● Task to complete:
Scan the entries and tally the lines that include the string "Faux". Reply with the figure alone.

(Web page caption snippets)
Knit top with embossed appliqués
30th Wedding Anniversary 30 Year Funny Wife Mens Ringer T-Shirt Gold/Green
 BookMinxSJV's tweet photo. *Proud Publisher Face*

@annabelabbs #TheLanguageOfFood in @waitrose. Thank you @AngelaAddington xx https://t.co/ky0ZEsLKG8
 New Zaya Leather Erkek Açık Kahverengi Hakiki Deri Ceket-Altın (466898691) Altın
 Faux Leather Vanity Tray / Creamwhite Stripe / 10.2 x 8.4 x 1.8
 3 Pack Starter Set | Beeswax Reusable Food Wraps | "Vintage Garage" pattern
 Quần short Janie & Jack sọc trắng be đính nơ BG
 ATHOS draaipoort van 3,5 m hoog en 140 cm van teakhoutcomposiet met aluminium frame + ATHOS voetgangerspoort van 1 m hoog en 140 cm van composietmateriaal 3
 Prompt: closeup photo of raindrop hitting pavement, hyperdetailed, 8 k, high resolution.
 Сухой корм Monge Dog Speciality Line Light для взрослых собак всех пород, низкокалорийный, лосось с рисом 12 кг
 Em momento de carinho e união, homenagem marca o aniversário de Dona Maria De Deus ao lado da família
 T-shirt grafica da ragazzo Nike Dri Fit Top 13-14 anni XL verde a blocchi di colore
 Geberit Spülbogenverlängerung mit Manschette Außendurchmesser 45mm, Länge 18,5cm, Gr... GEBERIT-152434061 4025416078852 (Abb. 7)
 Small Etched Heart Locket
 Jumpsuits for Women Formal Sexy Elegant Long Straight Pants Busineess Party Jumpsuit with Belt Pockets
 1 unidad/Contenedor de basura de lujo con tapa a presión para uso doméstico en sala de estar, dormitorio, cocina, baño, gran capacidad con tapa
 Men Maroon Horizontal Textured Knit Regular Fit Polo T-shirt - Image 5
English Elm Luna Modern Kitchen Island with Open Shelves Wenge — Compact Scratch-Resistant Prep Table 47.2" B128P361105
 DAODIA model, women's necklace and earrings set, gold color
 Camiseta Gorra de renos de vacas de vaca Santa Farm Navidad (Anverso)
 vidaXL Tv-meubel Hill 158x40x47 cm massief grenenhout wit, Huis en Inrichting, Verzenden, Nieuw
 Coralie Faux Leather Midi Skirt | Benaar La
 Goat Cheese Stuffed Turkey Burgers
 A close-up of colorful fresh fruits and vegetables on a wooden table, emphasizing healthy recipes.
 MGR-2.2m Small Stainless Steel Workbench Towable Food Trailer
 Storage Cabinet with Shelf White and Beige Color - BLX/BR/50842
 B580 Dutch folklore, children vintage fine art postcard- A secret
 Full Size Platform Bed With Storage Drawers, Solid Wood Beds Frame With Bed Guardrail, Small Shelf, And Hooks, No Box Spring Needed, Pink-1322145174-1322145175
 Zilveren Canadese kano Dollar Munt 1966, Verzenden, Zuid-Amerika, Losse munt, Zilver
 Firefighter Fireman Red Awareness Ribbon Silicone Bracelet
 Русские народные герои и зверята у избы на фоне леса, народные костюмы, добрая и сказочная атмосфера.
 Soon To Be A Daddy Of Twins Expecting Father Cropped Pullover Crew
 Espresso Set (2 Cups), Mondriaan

● Output for this exercise:
2